*Exercise brief*: The line with "Foto del JEEP Avenger 1.2 Longitude" marks where to begin; print it and all lines after it in the material below exactly, skipping pictures.

*Record set*:
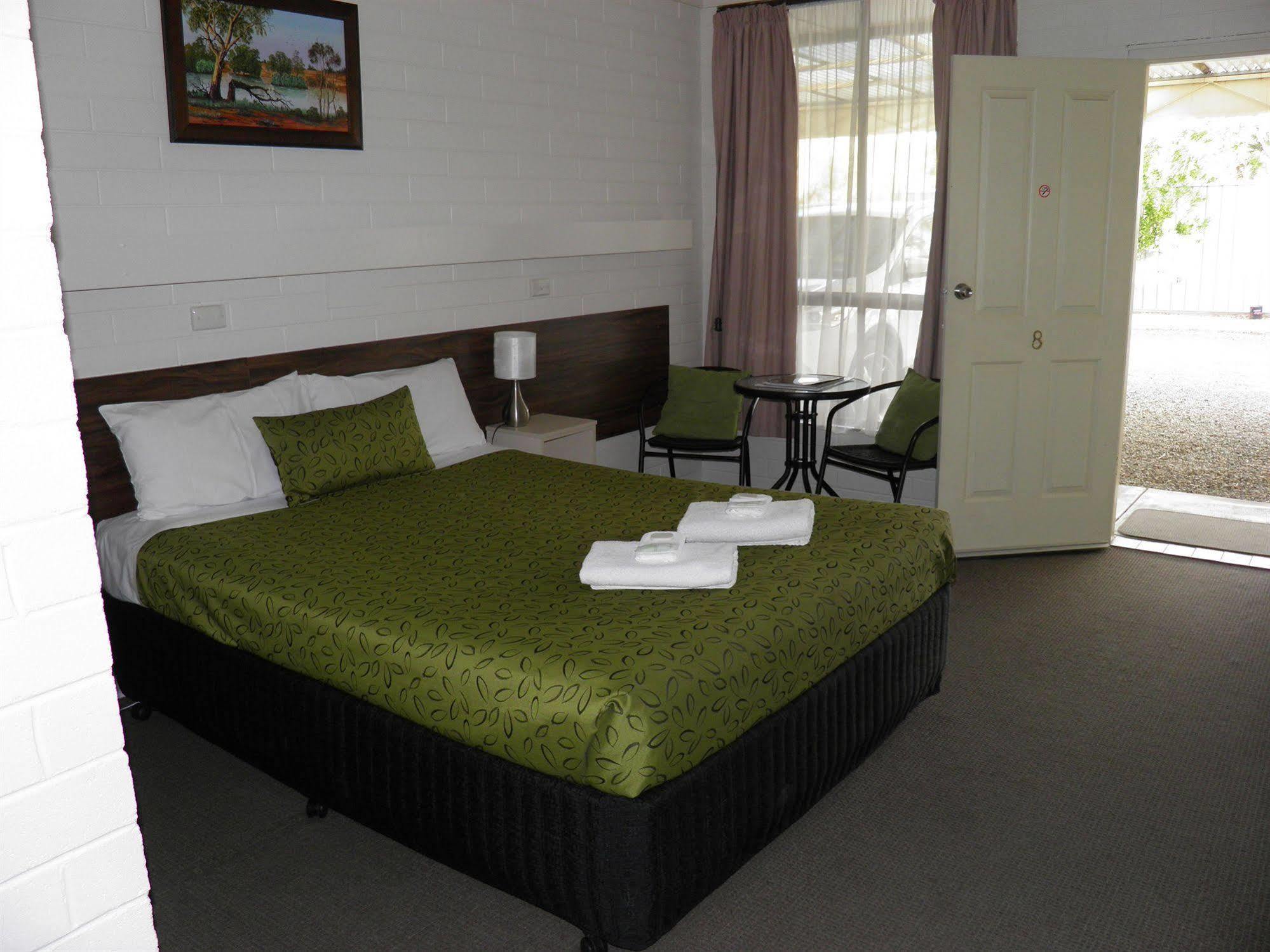 7Th Street Motel Милдура Екстериор снимка
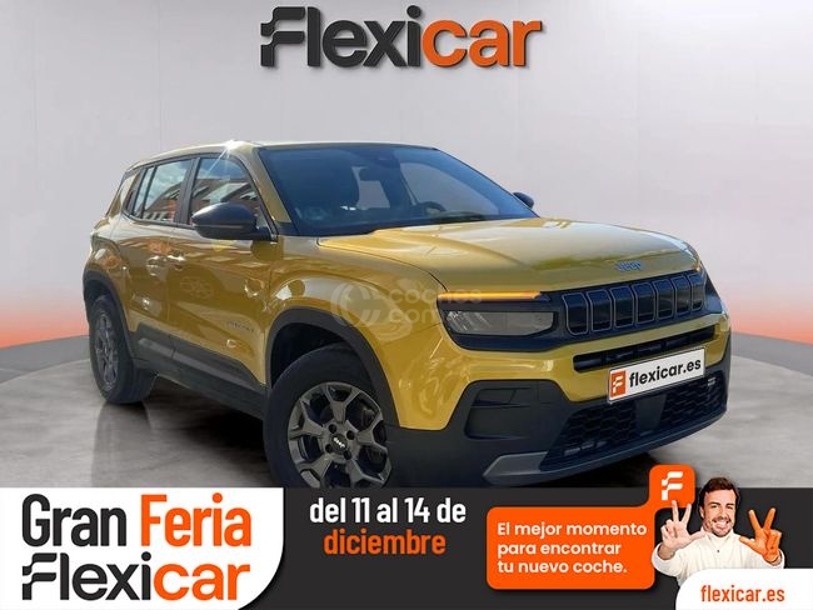 Foto del JEEP Avenger 1.2 Longitude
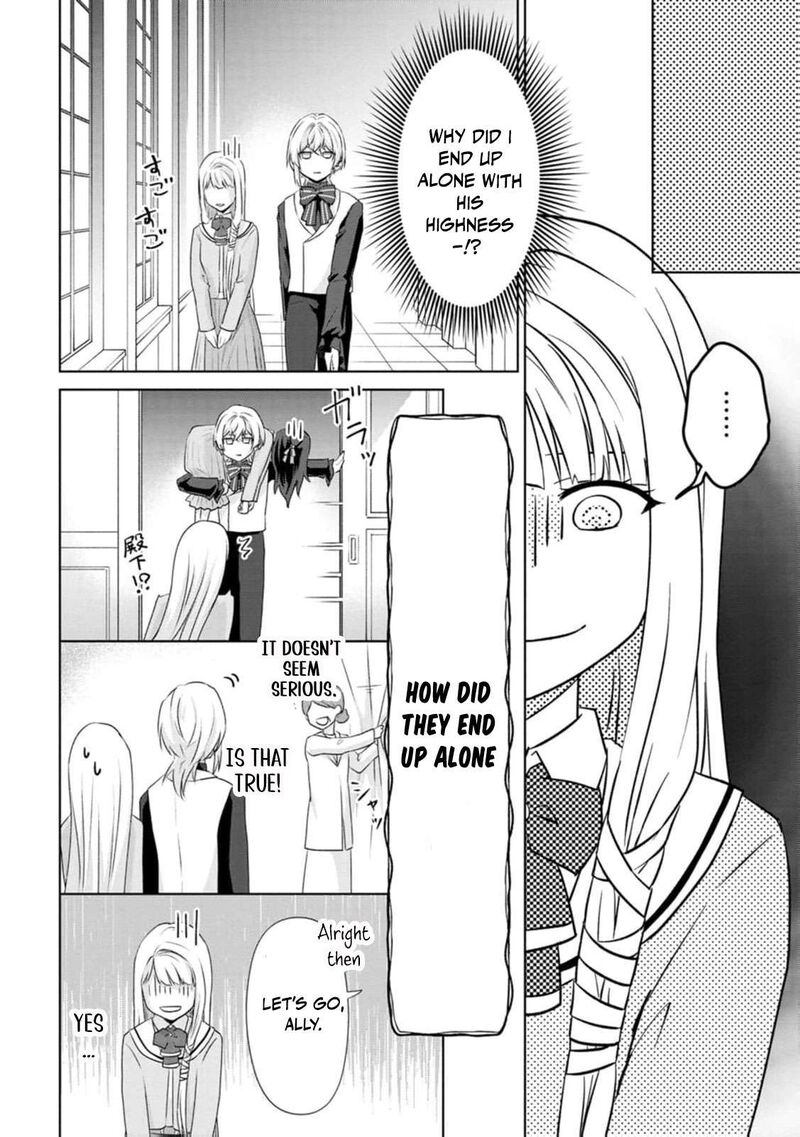 Danzaisareteiru Akuyaku Reijou To Irekawatte Konyakusha Tachi Wo Buttobashitara Dekiai Ga Matte Imashita 7 7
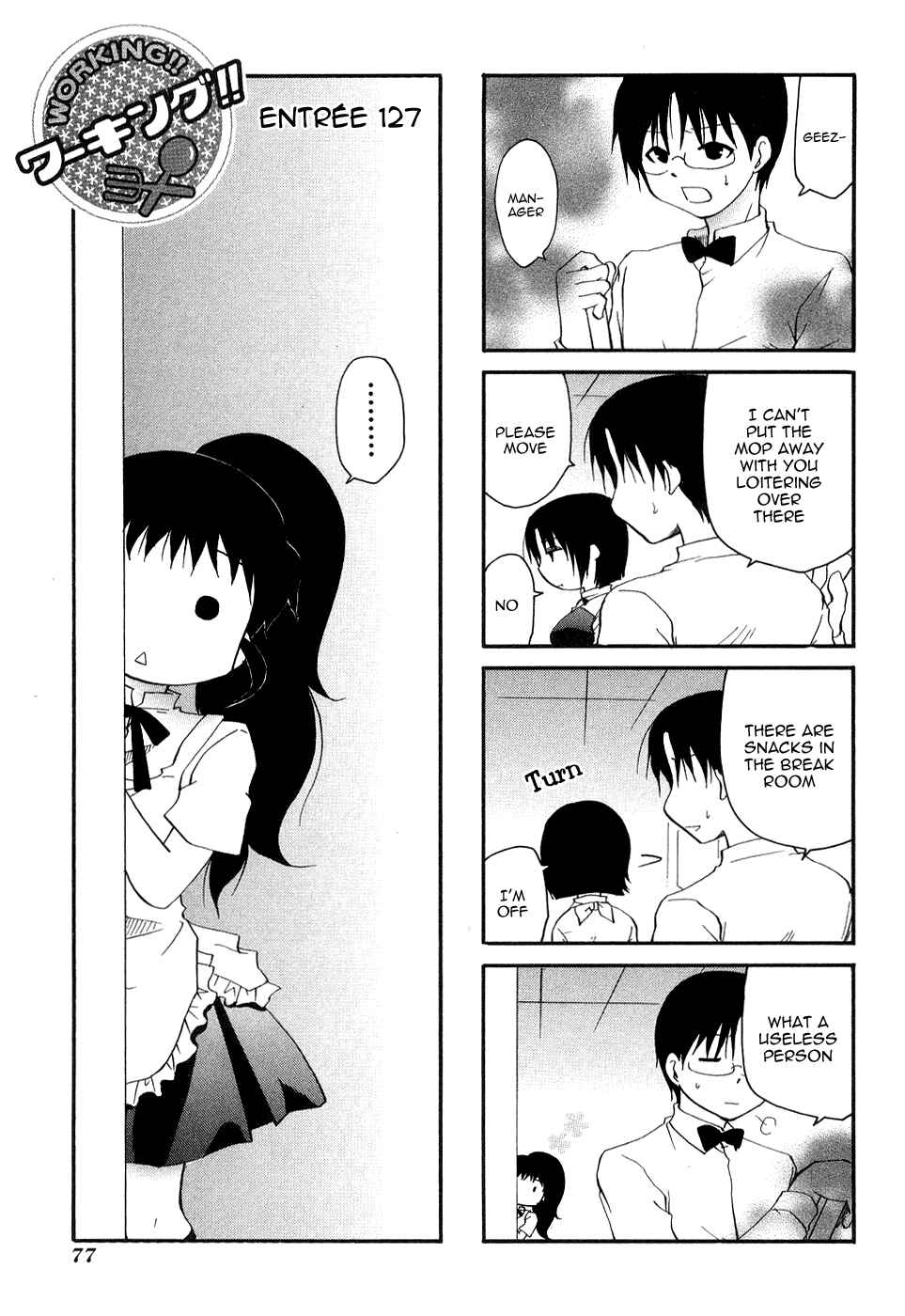 Page 1 Chapter 127 WORKING!!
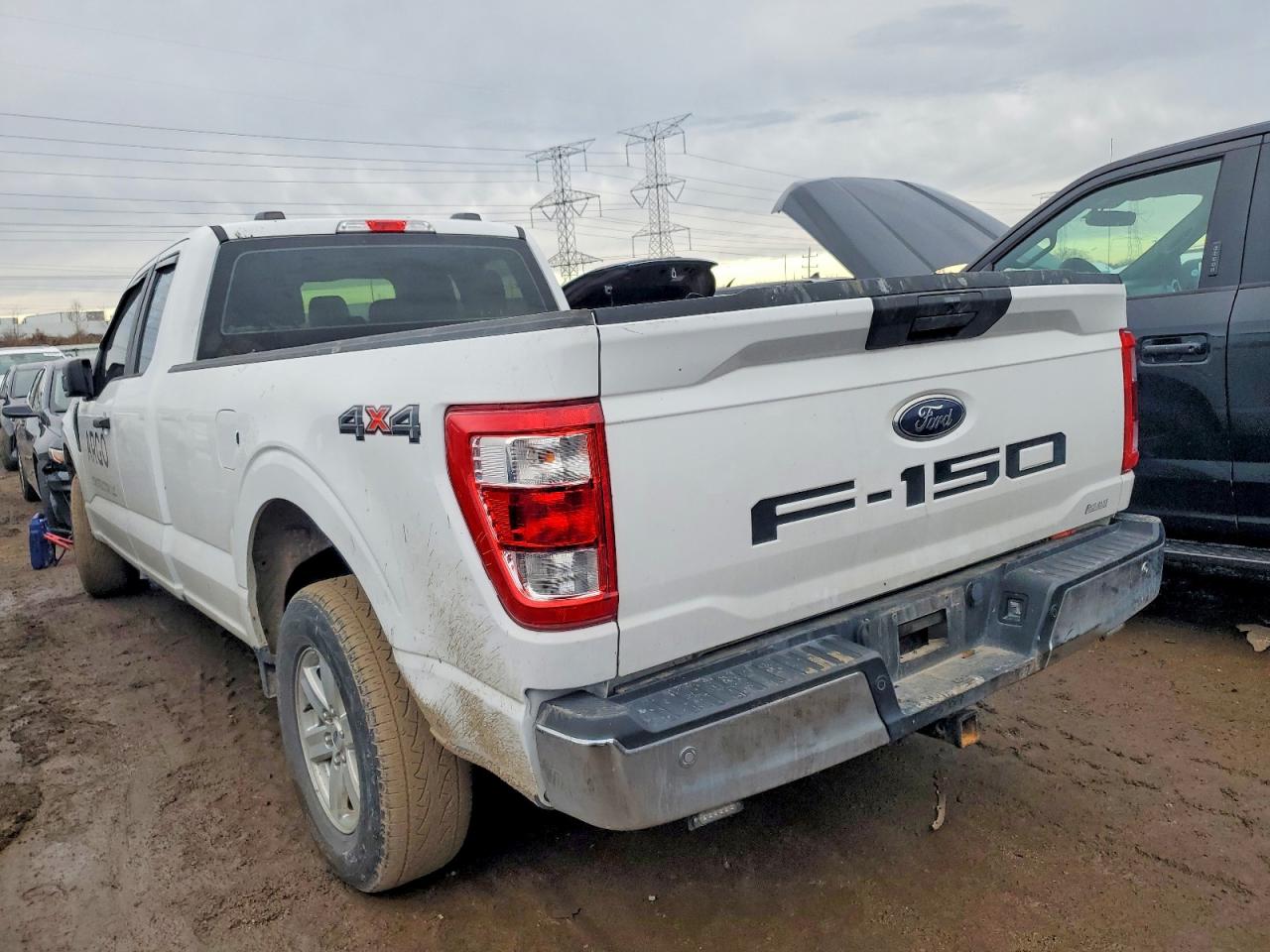 2022 FORD F150 SUPER CAB photo 2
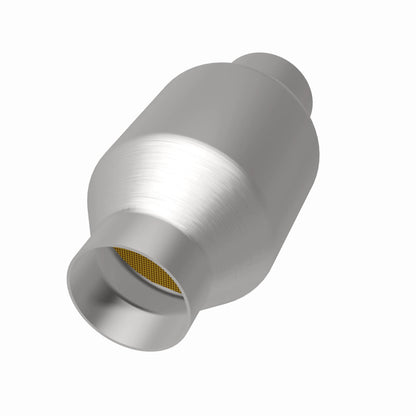 MagnaFlow Standard Grade Federal / EPA Compliant Universal Catalytic Converter 59955 360 Degree Image Set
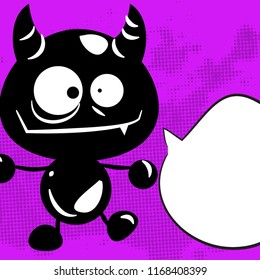 Halloween background design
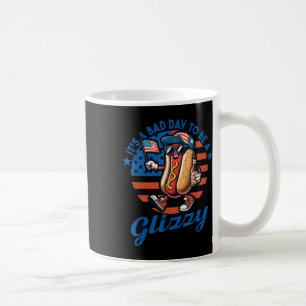 Mug C'Est Une Mauvaise Journée D'Être Un Chien Chaud G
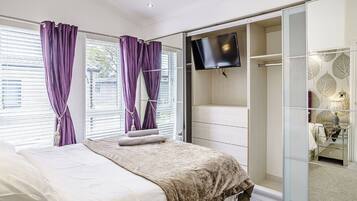 1 bedroom, free WiFi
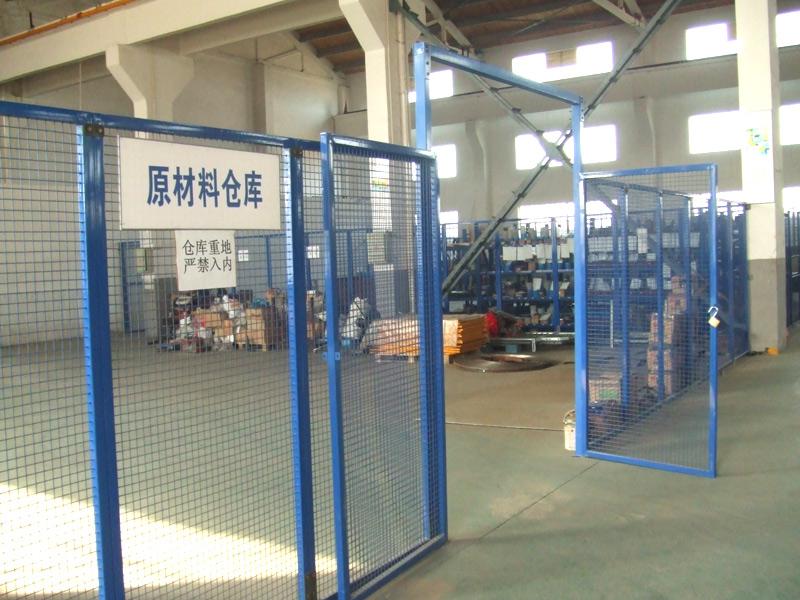 供應(yīng)永州車間過道隔斷 廠房過道隔斷
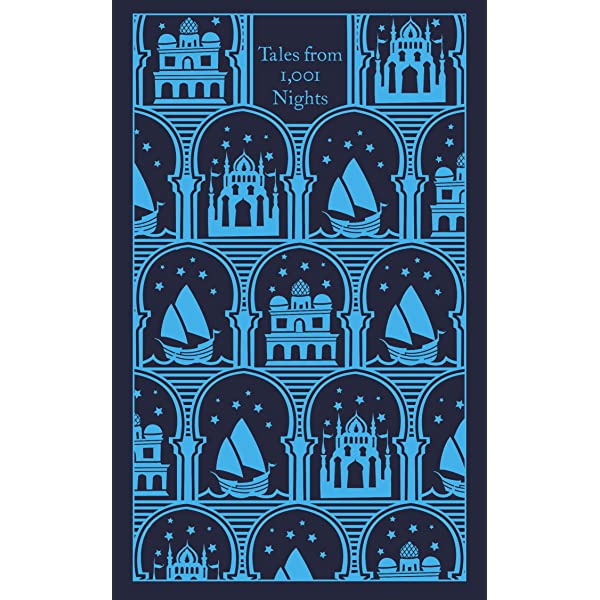 Εκδόσεις Penguin - Tales from 1,001 Nights (Penguin Classics Clothbound) - None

*Response box*:
 Foto del JEEP Avenger 1.2 Longitude
 Danzaisareteiru Akuyaku Reijou To Irekawatte Konyakusha Tachi Wo Buttobashitara Dekiai Ga Matte Imashita 7 7
 Page 1 Chapter 127 WORKING!!
 2022 FORD F150 SUPER CAB photo 2
 MagnaFlow Standard Grade Federal / EPA Compliant Universal Catalytic Converter 59955 360 Degree Image Set
 Halloween background design
 Mug C'Est Une Mauvaise Journée D'Être Un Chien Chaud G
 1 bedroom, free WiFi
 供應(yīng)永州車間過道隔斷 廠房過道隔斷
 Εκδόσεις Penguin - Tales from 1,001 Nights (Penguin Classics Clothbound) - None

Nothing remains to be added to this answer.